A forma como é vista nunca a fez desistir. Numa conferência de medicina patrocinada pela federação sueca de futebol, Eva Carneiro pôs o dedo na ferida: “As mulheres querem ser líderes, mas são excluídas pelo caminho. Em todos os programas que vi na vida, a mulher médica ou é muito estereotipada ou é vista como alguém que não está presente. Isto tem de mudar. As mulheres são desencorajadas desde novas.”
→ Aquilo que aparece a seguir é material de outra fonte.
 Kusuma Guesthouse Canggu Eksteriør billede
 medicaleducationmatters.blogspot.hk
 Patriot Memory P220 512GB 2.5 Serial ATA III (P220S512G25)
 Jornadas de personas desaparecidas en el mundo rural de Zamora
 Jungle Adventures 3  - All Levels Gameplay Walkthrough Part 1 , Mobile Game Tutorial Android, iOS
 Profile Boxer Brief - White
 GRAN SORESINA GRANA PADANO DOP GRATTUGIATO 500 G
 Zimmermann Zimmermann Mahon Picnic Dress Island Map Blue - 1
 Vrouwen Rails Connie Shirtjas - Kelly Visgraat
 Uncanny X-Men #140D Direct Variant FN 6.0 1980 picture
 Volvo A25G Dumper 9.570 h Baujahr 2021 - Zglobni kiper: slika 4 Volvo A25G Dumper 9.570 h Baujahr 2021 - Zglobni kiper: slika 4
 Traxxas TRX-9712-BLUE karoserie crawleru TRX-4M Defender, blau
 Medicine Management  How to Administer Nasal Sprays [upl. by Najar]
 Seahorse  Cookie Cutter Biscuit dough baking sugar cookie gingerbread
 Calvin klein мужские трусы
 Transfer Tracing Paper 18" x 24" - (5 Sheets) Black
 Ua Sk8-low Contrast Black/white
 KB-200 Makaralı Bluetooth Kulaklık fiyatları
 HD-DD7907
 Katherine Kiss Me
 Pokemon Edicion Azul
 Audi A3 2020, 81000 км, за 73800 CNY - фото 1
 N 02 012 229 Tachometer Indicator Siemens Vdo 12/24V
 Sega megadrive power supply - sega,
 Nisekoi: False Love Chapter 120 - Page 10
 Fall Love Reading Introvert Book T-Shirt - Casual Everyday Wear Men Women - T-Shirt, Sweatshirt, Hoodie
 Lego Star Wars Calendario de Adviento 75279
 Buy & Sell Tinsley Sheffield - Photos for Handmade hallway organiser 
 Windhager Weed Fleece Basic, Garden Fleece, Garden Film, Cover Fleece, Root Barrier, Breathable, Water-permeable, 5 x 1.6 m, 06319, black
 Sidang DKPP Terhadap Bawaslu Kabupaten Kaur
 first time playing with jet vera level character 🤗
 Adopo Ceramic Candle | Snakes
Eva resistiu. No Chelsea desde 2009, impulsionada pelo prazer de poder acompanhar a evolução médica dos jogadores durante um ano e não se limitar a consultas periódicas, chegou à equipa sénior em 2011 pela mão de André Villas-Boas. O mediatismo de haver uma mulher no banco fez com que se tornasse uma figura reconhecida em todo o mundo, mesmo que nem sempre por boas razões.
Um trabalho publicado pela BBC no início de Março chamou a atenção para os cânticos sexistas dos adeptos de Manchester United, Manchester City e Arsenal. Entre outras coisas, pedem-lhe que mostre as mamas “aos rapazes”. O tema gerou a reprovação geral, com o Chelsea a aparecer na primeira linha, pouco depois de os seus adeptos terem estado envolvidos num escândalo de racismo no metro de Paris.
“Entendemos a igualdade como um assunto muito sério e abominamos todo o tipo de discriminação. Comportamentos como este são inaceitáveis e queremos erradicá-los do jogo”, defendeu o clube londrino em comunicado. Heather Rabbatts, membro do conselho executivo da federação inglesa, apelou ao corte pela raiz do sexismo no futebol, enquanto Laura Bates, fundadora da “Everyday Sexism”, instou clubes e adeptos a juntar-se para assumirem a responsabilidade “de criar um espaço em que todos possam apreciar o futebol sem qualquer tipo de preconceito”.
Por tudo isso, foi criada uma campanha nas redes sociais contra o sexismo – #shebelongs. “Faz todo o sentido que destaquemos e celebremos as mulheres que trabalham na indústria do futebol e desempenham papéis fundamentais no seu sucesso”, afirmou Helen Grant, ministra britânica do Desporto. Até agora houve 14 casos de sexismo reportados em Inglaterra nesta temporada.
Eva Carneiro tem a difícil missão de se preocupar com a saúde física dos jogadores da equipa de José Mourinho, mas os desafios aumentam com o passar dos anos. Agora é uma figura de proa na luta para debelar o sexismo. “Os homens podem aspirar a ter uma vida com sucesso profissional e pessoal. Às mulheres, diz-se, não podem ter ambos. Noventa por cento dos emails que recebo são de jovens mulheres que querem seguir este caminho. Temos de lhes dizer que é possível, que a presença delas vai melhorar os resultados.”